**Directions for this task**: Once the line with "Antig&uuml;edades: Botella la" is found in the entries below, repeat it and each following line exactly, up to and including the line with "Item preview, Bright". Add no other lines.

**Source data**:
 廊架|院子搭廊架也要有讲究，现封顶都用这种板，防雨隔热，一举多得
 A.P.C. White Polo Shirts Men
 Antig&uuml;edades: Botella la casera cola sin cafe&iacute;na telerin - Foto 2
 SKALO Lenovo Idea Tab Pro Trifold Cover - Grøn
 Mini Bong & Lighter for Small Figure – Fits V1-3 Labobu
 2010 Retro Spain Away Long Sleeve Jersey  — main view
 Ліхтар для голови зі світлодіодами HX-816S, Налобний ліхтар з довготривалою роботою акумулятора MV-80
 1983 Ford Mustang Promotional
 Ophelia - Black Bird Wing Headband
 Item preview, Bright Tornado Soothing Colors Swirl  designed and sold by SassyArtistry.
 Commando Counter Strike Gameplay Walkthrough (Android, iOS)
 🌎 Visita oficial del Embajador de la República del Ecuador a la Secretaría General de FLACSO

**Exercise solution**:
 Antig&uuml;edades: Botella la casera cola sin cafe&iacute;na telerin - Foto 2
 SKALO Lenovo Idea Tab Pro Trifold Cover - Grøn
 Mini Bong & Lighter for Small Figure – Fits V1-3 Labobu
 2010 Retro Spain Away Long Sleeve Jersey  — main view
 Ліхтар для голови зі світлодіодами HX-816S, Налобний ліхтар з довготривалою роботою акумулятора MV-80
 1983 Ford Mustang Promotional
 Ophelia - Black Bird Wing Headband
 Item preview, Bright Tornado Soothing Colors Swirl  designed and sold by SassyArtistry.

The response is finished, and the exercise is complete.